Book Nonlinear Modeling

Download or read book Nonlinear Modeling written by Johan A. K. Suykens and published by Springer Science & Business Media. This book was released on 1998-06-30 with total page 284 pages. Available in PDF, EPUB and Kindle. Book excerpt: This collection of eight contributions presents advanced black-box techniques for nonlinear modeling. The methods discussed include neural nets and related model structures for nonlinear system identification, enhanced multi-stream Kalman filter training for recurrent networks, the support vector method of function estimation, parametric density estimation for the classification of acoustic feature vectors in speech recognition, wavelet based modeling of nonlinear systems, nonlinear identification based on fuzzy models, statistical learning in control and matrix theory, and nonlinear time- series analysis. The volume concludes with the results of a time- series prediction competition held at a July 1998 workshop in Belgium. Annotation copyrighted by Book News, Inc., Portland, OR.
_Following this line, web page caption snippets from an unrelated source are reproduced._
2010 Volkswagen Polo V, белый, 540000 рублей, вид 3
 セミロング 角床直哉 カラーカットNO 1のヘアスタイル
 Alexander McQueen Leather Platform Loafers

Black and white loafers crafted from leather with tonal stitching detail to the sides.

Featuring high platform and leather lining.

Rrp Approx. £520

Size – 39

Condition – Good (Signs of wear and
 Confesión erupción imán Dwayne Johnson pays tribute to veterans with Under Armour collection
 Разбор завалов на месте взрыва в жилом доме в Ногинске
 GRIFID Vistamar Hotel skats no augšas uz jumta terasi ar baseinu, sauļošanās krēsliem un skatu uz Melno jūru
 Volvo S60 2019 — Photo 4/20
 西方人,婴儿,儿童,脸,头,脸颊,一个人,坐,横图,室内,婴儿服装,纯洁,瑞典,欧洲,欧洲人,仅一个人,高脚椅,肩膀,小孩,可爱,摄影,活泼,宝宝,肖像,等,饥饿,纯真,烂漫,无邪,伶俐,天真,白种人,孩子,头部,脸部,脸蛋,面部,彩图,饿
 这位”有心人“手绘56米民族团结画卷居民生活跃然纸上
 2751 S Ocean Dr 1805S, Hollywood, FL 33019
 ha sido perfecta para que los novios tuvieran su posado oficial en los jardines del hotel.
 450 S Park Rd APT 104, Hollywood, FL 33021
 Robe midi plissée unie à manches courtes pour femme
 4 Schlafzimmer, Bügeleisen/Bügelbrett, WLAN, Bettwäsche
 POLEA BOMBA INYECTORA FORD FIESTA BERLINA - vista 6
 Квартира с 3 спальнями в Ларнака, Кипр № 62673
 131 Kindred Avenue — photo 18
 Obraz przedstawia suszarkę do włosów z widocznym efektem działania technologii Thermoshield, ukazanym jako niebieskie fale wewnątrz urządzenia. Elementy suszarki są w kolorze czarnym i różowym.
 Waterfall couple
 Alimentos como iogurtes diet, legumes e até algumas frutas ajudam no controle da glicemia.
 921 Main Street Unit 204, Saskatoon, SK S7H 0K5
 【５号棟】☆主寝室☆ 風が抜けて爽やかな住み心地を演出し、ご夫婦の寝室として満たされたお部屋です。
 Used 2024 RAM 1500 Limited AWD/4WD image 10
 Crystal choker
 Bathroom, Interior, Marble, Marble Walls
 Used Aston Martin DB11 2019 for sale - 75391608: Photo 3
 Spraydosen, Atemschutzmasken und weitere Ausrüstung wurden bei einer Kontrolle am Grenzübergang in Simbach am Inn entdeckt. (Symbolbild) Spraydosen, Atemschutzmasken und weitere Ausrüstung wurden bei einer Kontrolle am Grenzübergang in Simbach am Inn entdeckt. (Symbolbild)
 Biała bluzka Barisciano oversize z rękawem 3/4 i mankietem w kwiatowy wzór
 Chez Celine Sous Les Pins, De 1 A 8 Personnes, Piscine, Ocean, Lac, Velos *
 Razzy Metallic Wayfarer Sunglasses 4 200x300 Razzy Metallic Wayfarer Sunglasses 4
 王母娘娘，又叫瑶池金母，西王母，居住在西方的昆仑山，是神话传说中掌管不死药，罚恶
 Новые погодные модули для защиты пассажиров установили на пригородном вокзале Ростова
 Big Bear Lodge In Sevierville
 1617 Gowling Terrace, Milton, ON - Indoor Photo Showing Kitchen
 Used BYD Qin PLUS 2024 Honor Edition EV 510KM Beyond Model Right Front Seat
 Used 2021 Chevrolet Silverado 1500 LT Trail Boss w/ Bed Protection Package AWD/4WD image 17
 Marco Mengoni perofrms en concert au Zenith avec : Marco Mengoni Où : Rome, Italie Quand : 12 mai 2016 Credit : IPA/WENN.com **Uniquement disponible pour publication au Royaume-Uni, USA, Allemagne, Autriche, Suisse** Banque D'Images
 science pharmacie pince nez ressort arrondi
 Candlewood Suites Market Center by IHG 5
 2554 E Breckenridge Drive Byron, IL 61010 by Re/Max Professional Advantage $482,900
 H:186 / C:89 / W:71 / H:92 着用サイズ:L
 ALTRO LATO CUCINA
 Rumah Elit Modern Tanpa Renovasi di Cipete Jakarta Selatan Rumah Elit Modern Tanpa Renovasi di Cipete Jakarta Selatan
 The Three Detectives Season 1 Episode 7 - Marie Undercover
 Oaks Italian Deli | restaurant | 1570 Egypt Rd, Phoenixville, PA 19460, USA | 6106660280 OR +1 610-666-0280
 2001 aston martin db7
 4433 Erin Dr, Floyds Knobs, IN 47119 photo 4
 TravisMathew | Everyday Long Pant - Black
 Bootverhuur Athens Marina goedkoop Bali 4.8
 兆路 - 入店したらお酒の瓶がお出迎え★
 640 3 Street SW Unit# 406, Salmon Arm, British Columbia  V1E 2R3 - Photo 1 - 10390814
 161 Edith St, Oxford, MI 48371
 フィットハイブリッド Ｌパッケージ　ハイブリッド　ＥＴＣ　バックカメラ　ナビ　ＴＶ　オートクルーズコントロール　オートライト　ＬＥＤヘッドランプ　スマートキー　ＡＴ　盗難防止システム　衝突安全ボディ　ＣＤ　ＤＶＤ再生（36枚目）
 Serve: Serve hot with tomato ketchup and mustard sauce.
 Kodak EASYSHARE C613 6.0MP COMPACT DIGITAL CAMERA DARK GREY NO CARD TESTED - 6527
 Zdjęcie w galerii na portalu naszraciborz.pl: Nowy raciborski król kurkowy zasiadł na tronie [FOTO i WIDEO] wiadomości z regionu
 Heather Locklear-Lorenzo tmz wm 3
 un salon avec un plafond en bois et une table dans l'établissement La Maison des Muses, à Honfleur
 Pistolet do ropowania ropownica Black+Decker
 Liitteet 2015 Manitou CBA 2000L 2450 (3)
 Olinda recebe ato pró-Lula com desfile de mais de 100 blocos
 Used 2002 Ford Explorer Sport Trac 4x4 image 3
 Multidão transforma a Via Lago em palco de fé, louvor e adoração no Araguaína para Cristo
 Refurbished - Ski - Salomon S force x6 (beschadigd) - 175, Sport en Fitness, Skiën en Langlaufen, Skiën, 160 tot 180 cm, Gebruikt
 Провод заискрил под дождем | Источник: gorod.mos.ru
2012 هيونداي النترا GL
Book Optimization for Control  Observation and Safety

Download or read book Optimization for Control Observation and Safety written by Guillermo Valencia-Palomo and published by MDPI. This book was released on 2020-04-01 with total page 500 pages. Available in PDF, EPUB and Kindle. Book excerpt: Mathematical optimization is the selection of the best element in a set with respect to a given criterion. Optimization has become one of the most used tools in control theory to compute control laws, adjust parameters (tuning), estimate states, fit model parameters, find conditions in order to fulfill a given closed-loop property, among others. Optimization also plays an important role in the design of fault detection and isolation systems to prevent safety hazards and production losses that require the detection and identification of faults, as early as possible to minimize their impacts by implementing real-time fault detection and fault-tolerant systems. Recently, it has been proven that many optimization problems with convex objective functions and linear matrix inequality (LMI) constraints can be solved easily and efficiently using existing software, which increases the flexibility and applicability of the control algorithms. Therefore, real-world control systems need to comply with several conditions and constraints that have to be taken into account in the problem formulation, which represents a challenge in the application of the optimization algorithms. This book offers an overview of the state-of-the-art of the most advanced optimization techniques and their applications in control engineering.